It saddens me greatly to raise this alarm. Almost as much as it saddens me to be so late to this particular party. However, it seems that many unhappy Windows 11 users have been facing the “BitLocker ransom” issue for six months or more.
The problem is your Windows 11 A PC or laptop can turn BitLocker disk encryption and not tell you about it during a previous Windows Update process. Later, this invisible change rears its ugly head, when a subsequent (and in my case, optional) update includes a file that, perversely enough, is similar enough to other types of threats that your data is ” in danger “. The only way to protect it is to encrypt your machine’s boot volume and require a recovery key before you’re allowed back into it.
If you’re lucky, you have a way to access your Microsoft account without using the now completely dead bricked software. laptop, to get the recovery key. If you’re like me, my own policies, such as not traveling with more than one laptop and not logging into my Microsoft identity for extended periods of time, are likely to keep it out of reach.
As Microsoft says, these may not be the only reasons why you cannot recover the key. Perhaps most annoying is that if a different connection enabled BitLocker at the beginning – this is easy to do, given the few warnings or progress reports of the whole process – then it is likely that this either they receive the recovery key, not you.

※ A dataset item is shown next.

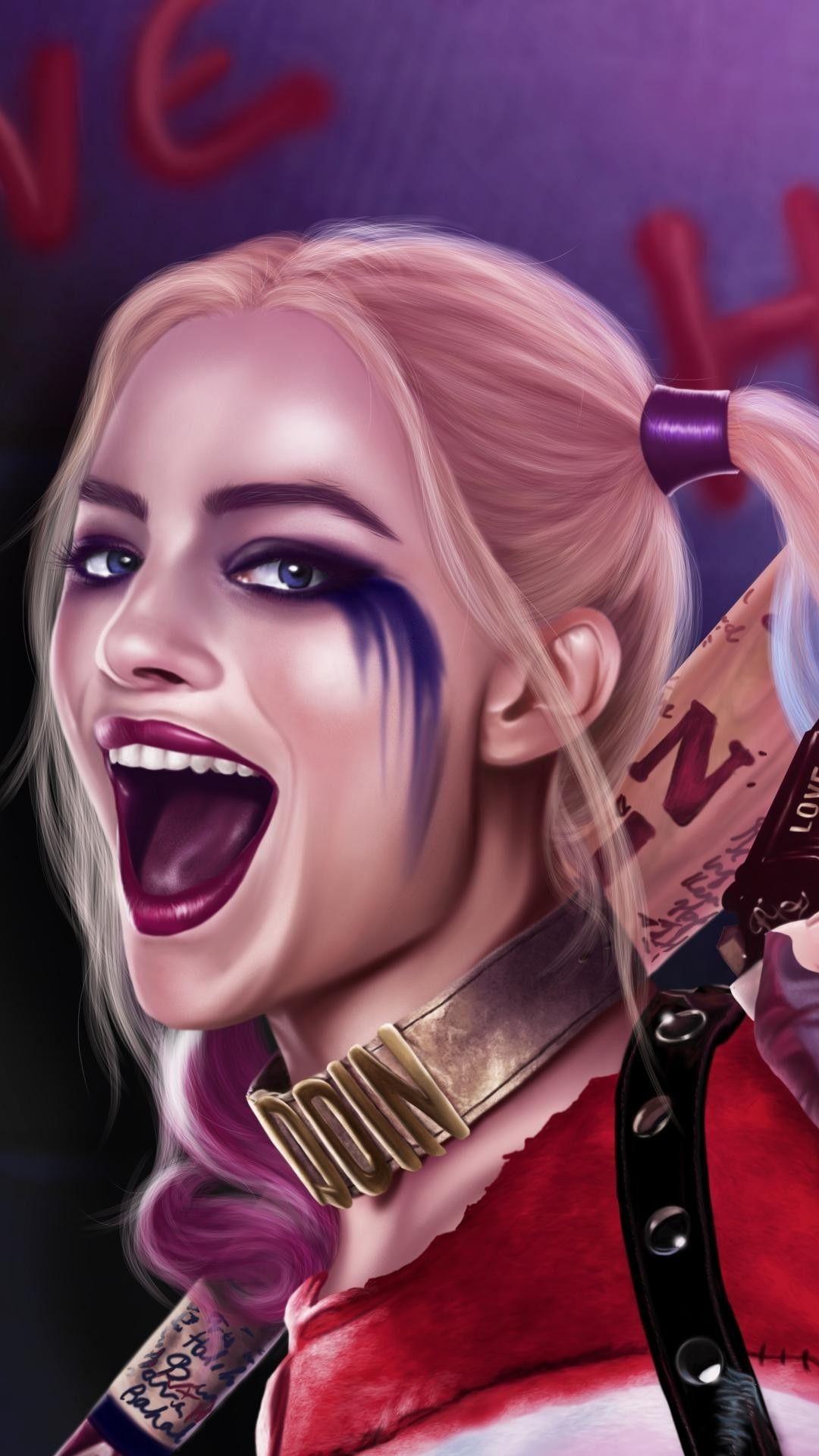 4K Harley Quinn Wallpapers Top Free 4K Harley Quinn Backgrounds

Not that you would know who to track in this scenario, because disclosing the name of the account containing the key would constitute a “security breach.”
There are fixes, but each of them is before it happens, not after. You can disable BitLocker, either through Control Panel or using PowerShell or Group Policies (even if you’re not in a corporate network).
I was amazed to discover how many fellow administrators were genuinely unsure of how their various assigned machines got to this point. Their bewilderment made me feel much better: as a group of seasoned system administrators, well accustomed to Microsoft’s behavior with system updates, they were shocked to find that some of their personal devices had moved to DEFCON 1, with BitLocker activated silently and without their consent – or so they thought, having not examined this part of the system carefully or often.
The reason to bring this phenomenon to your attention is, in fact, its long-term, slow-motion effect on car accidents. I’m not at all convinced that preventive group policies, disk formatting, or control panel pages will help. Microsoft has a long track record of not caring about dissidents; some settings come back, even if you decided you don’t want them.
Every Windows 11 user should take steps to prevent this particular bear trap from closing on their current work documents, emails, etc. Of course, if you’ve been a real expert and accepted all of Microsoft’s suggestions regarding online data sync services, and you have multiple machines fully licensed, synced and up to date, then your stuff should be accessible .
But when the Windows 11 machine I was reviewing displayed the BitLocker Recovery Key screen, I was far from my other machines. This is why I use laptops, I work while traveling. As a frequent traveler, I’ve developed a few strict rules that run rather counter to the assumptions presented by Microsoft as part of its apology package for BitLockering. The first is that I minimize logging into online accounts when I’m away from my home network, mainly to avoid the floods of paranoid warning messages that this causes. Another reason is that there is no online shopping while traveling, either on my own machine or on others that circumstances force me to use. I don’t even like the American habit of walking away with my credit cards and doing the contactless transaction themselves.
For the moment, I tell all my user contacts not to leave documents on Windows 11 devices of any kind. Last time I mentioned keeping scans of my vital ID documents on a USB stick hanging next to my house keys: this has been improved a bit as I find that my minimum set of files and mail electronics is currently a few gigabytes.
Long-term, I will not use Windows 11 at all until a satisfactory solution to this madness emerges. In fact, throughout the writing of this article, my oldest and most presentable laptop downloaded three full versions of Fedora Linux, one after the other. I guess each is about a DVD’s worth of code, but even my old machine is doing well so far. He will accompany me on my next trip in a few days; the Windows 11 machine will be at home, on the bench, waiting for a solution.